By Moran Abelev, Ariel Azia PhD, Shlomi Babluki, Eyal Ben-Eliezer PhD, Shai Dekel PhD, Itzhak Dvash PhD, Raphael Peretz and Adam Soffer, data science, Similarweb
For a summary of the news behind this research, see the related blog post.
Abstract There has been a heated debate over the last few months over the question of how many real human users Twitter has. While all previous work [3], [4], [5], [12], [13], [15] focused on analysis of Twitter accounts and attempts to classify bots, Similarweb takes a different, unique approach.
We apply an explainable machine learning algorithm using datasets of digital activities of panels of users to provide robust estimates of Twitter’s average Monetized Daily Active Users (mDAU) for the US over the period of Q3 2021-Q2 2022. Our approach has several advantages that allow us to provide estimates for various user populations beyond what is reported by Twitter or investigated in previous work. For one, our approach allows us to ensure with a significantly higher level of confidence that a user is not a bot using their complete digital footprint beyond just tweets. We can further estimate the additional unauthenticated users that do not hold a Twitter account yet consume content on Twitter and as such can be monetized. We provide a clearer insight into the fact that a relatively small portion of authentic Twitter users is responsible for most of the content published by authentic users. Finally, our study shows that, even under the assumption that a relatively small number of active bots generate content, their overall content contribution is actually significant.
1. Introduction
Twitter began using the mDAU metric in its financial reports for Q1 2019 [1]: “Twitter defines monetizable daily active usage or users (mDAU) as Twitter users who logged in or were otherwise authenticated and accessed Twitter on any given day through twitter.com or Twitter applications that are able to show ads. Average mDAU for a period represents the number of mDAU on each day of such period divided by the number of days for such period.”
In the Q2 2019 financial report, Twitter added a clarification [6]: “We also treat multiple accounts held by a single person or organization as multiple mDAU because we permit people and organizations to have more than one account. Additionally, some accounts used by organizations are used by many people within the organization. As such, the calculations of our mDAU may not accurately reflect the actual number of people or organizations using our platform”.
As stated in Twitter’s reports, such as the 2021 annual report: “The substantial majority of our revenue is currently generated from third parties advertising on Twitter.
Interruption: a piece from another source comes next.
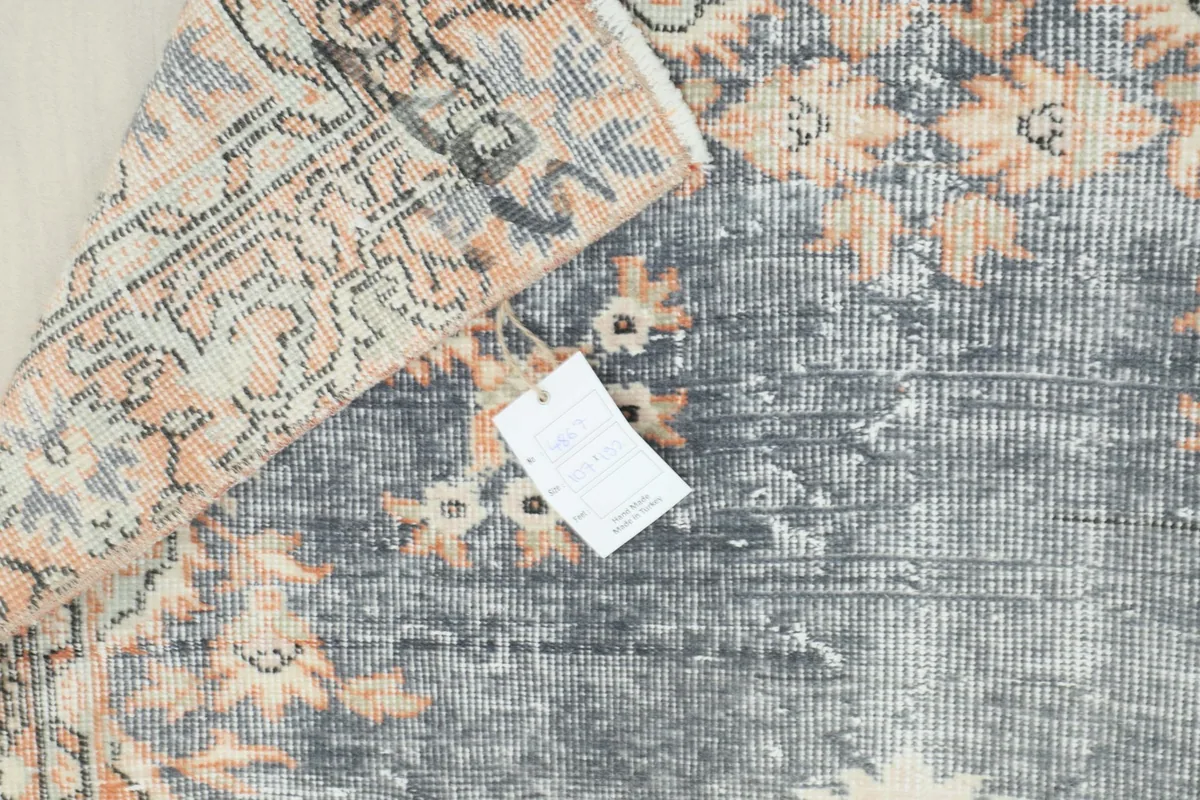 View of the rug's reverse side and hand-knotted construction with a tag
We generate substantially all of our advertising revenue through the sale of our Promoted Products: Promoted Ads, Twitter Amplify, Follower Ads and Twitter Takeover.”
Observe that Twitter considers monetizable users as users holding a Twitter account, whereas potentially, unauthenticated users, e.g. users that consume Twitter content without holding a Twitter account, can also be monetized through ads.
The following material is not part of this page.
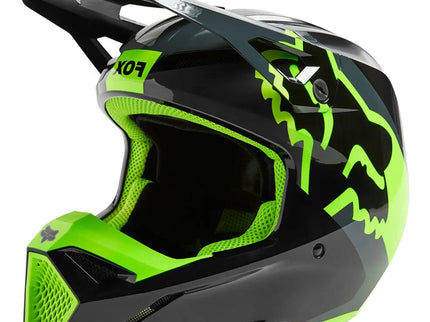 Fox Racing V1 XPOZR MX helmet in black and grey with yellow accents, featuring aerodynamic design and ventilation for motocross riding.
Twitter’s CEO Parag Agrawal tweeted on May 16th 2022 on the subject of Twitter’s mDAU estimate: “…we have estimated that . He also tweeted on the same day on the subject of how the mDAU of non-bot users is estimated: “Our estimate [of the mDAU of real users] is based on multiple human reviews (in replica) of thousands of accounts, that are sampled at random, consistently over time, from accounts we count as mDAUs”. Also he added: “Unfortunately, we don’t believe that this specific estimation can be performed externally”.5%>
Our first goal is in fact to do just that: estimate Twitter’s average US mDAU for Q3 2021- Q2 2022, using an explainable machine learning algorithm and compare it to the corresponding quantities reported in Twitter quarterly earning reports. Moreover, under certain conservative assumptions, our analysis provides interesting insights on the impact bots have on Twitter content.
Our contribution
- We provide bot-free estimates of Twitter’s US mDAU for Q3 2021 – Q2 2022 using high-quality metered panels of users.
- We further provide estimates of various user populations beyond what is reported by Twitter, such as Twitter’s unauthenticated users that potentially can be monetized.
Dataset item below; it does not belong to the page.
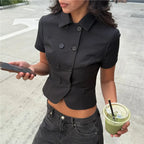 Women's black crop top in fitted design, perfect for casual outings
- We validate a common belief that a small portion of the Twitter account holders create a significant portion of the content.
- Our study shows that even if the proportion of daily active bots to mDAU is small, perhaps approximately 5% as Twitter has stated, the relative amount of content they generate is very significant.
Main results
In Table 1 below, we provide our estimates for Twitter’s bot-free US mDAU for 21Q3-22Q2. OAs can be seen, our estimates are well correlated with Twitter’s mDAU as reported in their quarterly earning reports. We note, however, that from a trend perspective, we do not observe Twitter’s reported increase of mDAU in 22Q2.
Table 1: Twitter’s US mDAU (in millions)
In Table 2 below we list our estimates for Twitter’s US unauthenticated mDAU which are not reported by Twitter and are not estimated by any of the previous work. We believe that from a monetization perspective these estimates are very relevant since users that do not have a Twitter account or users that consume Twitter content without logging into their account can obviously be shown ads.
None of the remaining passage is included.